You are calling DGEMM
in parallel using the same set of variables (because variables in parallel regions are shared by default in Fortran). This doesn't work and produces weird results due to data races. You have two options:
Find a parallel BLAS implementation where DGEMM
is already threaded. Intel MKL and OpenBLAS are prime candidates. Intel MKL uses OpenMP, more specifically it is built with Intel OpenMP runtime, so it may not play very nicely with OpenMP code compiled with GCC, but it works perfectly with non-threaded code.
Call DGEMM
in parallel but not with the same set of arguments. Instead, perform block decomposition of one or both tensors and have each thread do the contraction for a separate block. Since Fortran uses column-major storage, it may be appropriate to decompose the second tensor:
C[i,k,l=1..L] = A[i,j] * B[j,k,l=1..L]
becomes with two threads:
thread 0: C[i,k,l=1..L/2] = A[i,j] * B[j,k,l=1..L/2]

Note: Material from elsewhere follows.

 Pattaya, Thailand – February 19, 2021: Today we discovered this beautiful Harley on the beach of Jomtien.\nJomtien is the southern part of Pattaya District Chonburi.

thread 1: C[i,k,l=L/2+1..L] = A[i,j] * B[j,k,l=L/2+1..L]
With an arbitrary number of threads it boils down to computing the start and end values for the l
index in each thread and adjusting the arguments of DGEMM
accordingly.
Personally, I'd go with a parallel BLAS implementation. With Intel MKL, you only need to link in the parallel driver and it will automagically use all the available CPUs.
A sample implementation of the block decomposition follows. Only additions and changes to your original code are shown:
! ADD: Use the OpenMP module
Use :: omp_lib
! ADD: Variables used for the decomposition
Integer :: ithr, istart, iend
! CHANGE: OpenMP with block decomposition
!$omp parallel private(ithr, istart, iend)
ithr = omp_get_thread_num()
! First index (plane) in B for the current thread
istart = ithr * nd / omp_get_num_threads()
! First index (plane) in B for the next thread
iend = (ithr + 1) * nd / opm_get_num_threads()
Call dgemm('N', 'N', na, nc * (iend - istart), nb, 1.0_wp, a, nd, &
b(1, 1, 1 + istart), Size(b, Dim = 1), &
0.0_wp, c4(1, 1, 1 + istart), Size(c4, Dim = 1))
!$omp end parallel
istart
is the index of the first plane of B
that each individual thread works on. iend
is the first plane for the next thread, so iend - istart
is the number of planes for the current thread. b(1, 1, 1 + istart)
is where the block of planes in B starts. c4(1, 1, 1 + istart)
is where the block in the result tensor starts.
Make sure you do one of those but not both simultaneously. I.e., if your BLAS implementation is threaded but you decide to go with block decomposition, disable threading in the BLAS library. Conversely, if you use threading in the BLAS implementation, do not perform block decomposition in your code.